Corn frowned, trying to understand.
"After all that…." Gum continued. "After all we went through, the years we spent trying to take down the real oppression, all of the real obstacles we had to overcome as a group…the thing that tore us apart in the end was ourselves. Why couldn't we just be satisfied as we were? I tried to tell you…but you were always being pulled into fights that were your own…there was a whole game of tug-of-war going on with you, everyone wanted a piece of the leader who had led the rudies to victory. Half of Tokyo were lining up to suck your cock. And I guess, in the end, I didn't want to share you." She had finished her bourbon now and he could tell from her posture she was already drunk. She dropped the glass, a little heavily handily on the table.

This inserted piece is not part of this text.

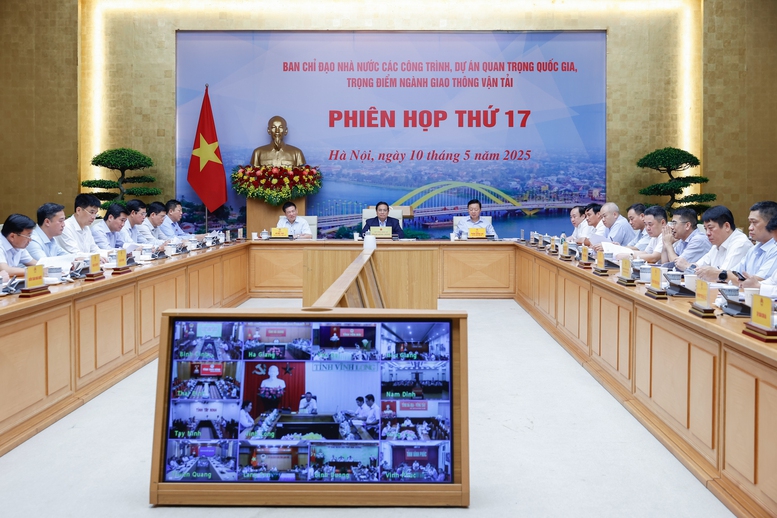 Phiên họp được kết nối trực tuyến từ trụ sở Chính phủ tới 49 tỉnh, thành phố trực thuộc Trung ương đang có các công trình, dự án quan trọng quốc gia, trọng điểm ngành giao thông vận tải - Ảnh: VGP/Nhật Bắc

"Gum…" Corn felt tears in his own eyes. He gulped hard, fighting against it. "I…" He wanted to explain he hadn't realised, he was young and cocky from his victory, if only they had talked it through, but the sound of the back door closing had brought another question to mind. He had honestly forgotten all about Yoyo and felt vaguely guilty, the little squirt had heard everything. No wonder he had wanted to leave. He continued. "Why didn't you tell me you had a kid?"
Gum gave a surprised laugh that didn't have an ounce of humour in it. "What would I have told you? That some hot-shot college kid knocked me up and then left when he realised there was more to raising a kid than changing diapers? And what would you have thought of me? Oh. Silly slutty Gum has got herself in a mess as usual. I didn't want your pity Corn."
Corn touched his forehead, leaning forward, brushing his hair back once more. "I would never think that about you. I could have helped, that's all. In any way you needed…"
"Oh sure…" Gum snapped. "Child support paid from the money you were earning writing about how I set your heart on fire and then shattered it into a million pieces like fragments of glass…real nice. And what would you do? Play daddy to the bastard child that should have been yours all along? That I wished had been yours…I don't know why you have to torment me in this way Corn. I should never have come."
Corn tried to take everything she had just said in but it was hard, so many memories swam through his mind, so many regrets. Finally he stood up and took the empty glass from the table in front of Gum, touching her shoulder lightly as he walked past to get into the small kitchen.
"I'm sorry I wasn't there for you." He said finally, pathetically, not turning around to face her. "And I'm sorry I wrote my feelings down in a journal instead of just telling you." He could hear the soft creak of the chair as she stood up, the shuffle of her feet as she walked across the hall. "You know where I am…" He finished quietly as he heard the door close once again.